• YOUR TASK
The full listing, word for word and free of images, is the expected result.

• DATA EXTRACT
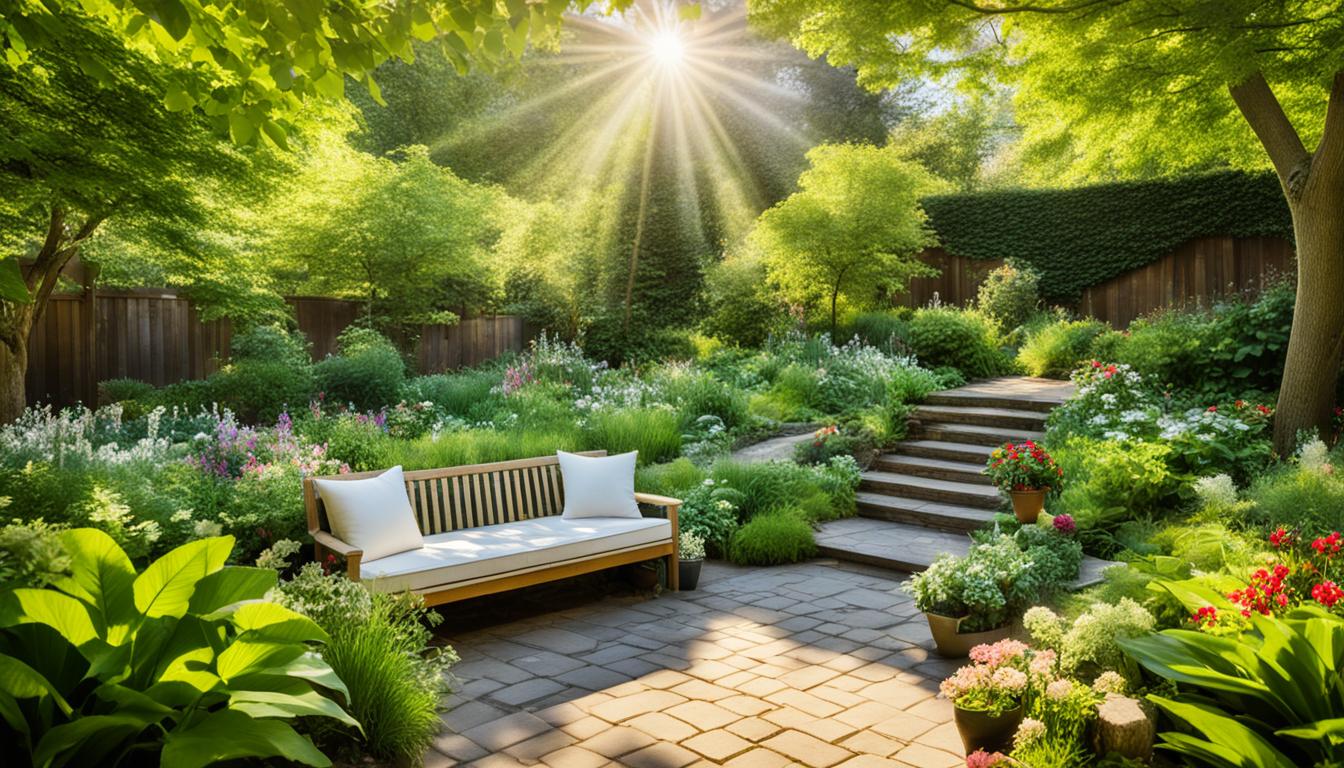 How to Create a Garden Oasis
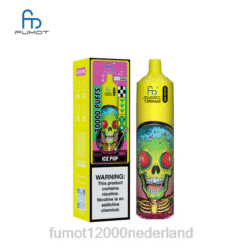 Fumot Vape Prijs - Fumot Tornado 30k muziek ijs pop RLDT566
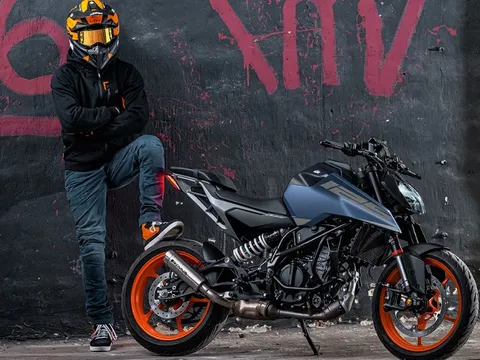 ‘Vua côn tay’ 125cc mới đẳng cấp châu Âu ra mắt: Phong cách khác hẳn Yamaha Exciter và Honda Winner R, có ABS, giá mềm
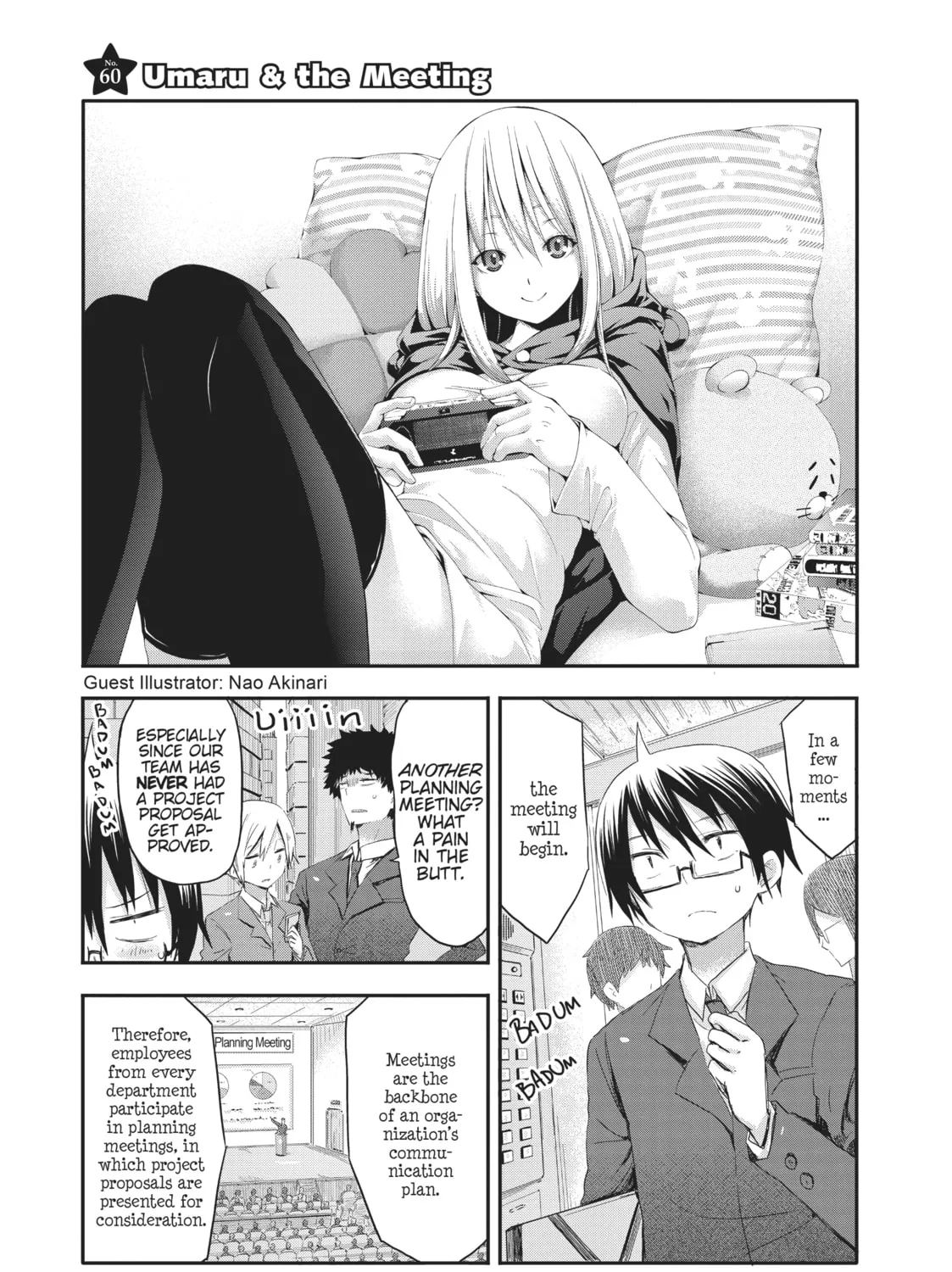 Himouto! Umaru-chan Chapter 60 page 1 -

• EXERCISE ANSWER
 How to Create a Garden Oasis
 Fumot Vape Prijs - Fumot Tornado 30k muziek ijs pop RLDT566
 ‘Vua côn tay’ 125cc mới đẳng cấp châu Âu ra mắt: Phong cách khác hẳn Yamaha Exciter và Honda Winner R, có ABS, giá mềm
 Himouto! Umaru-chan Chapter 60 page 1 -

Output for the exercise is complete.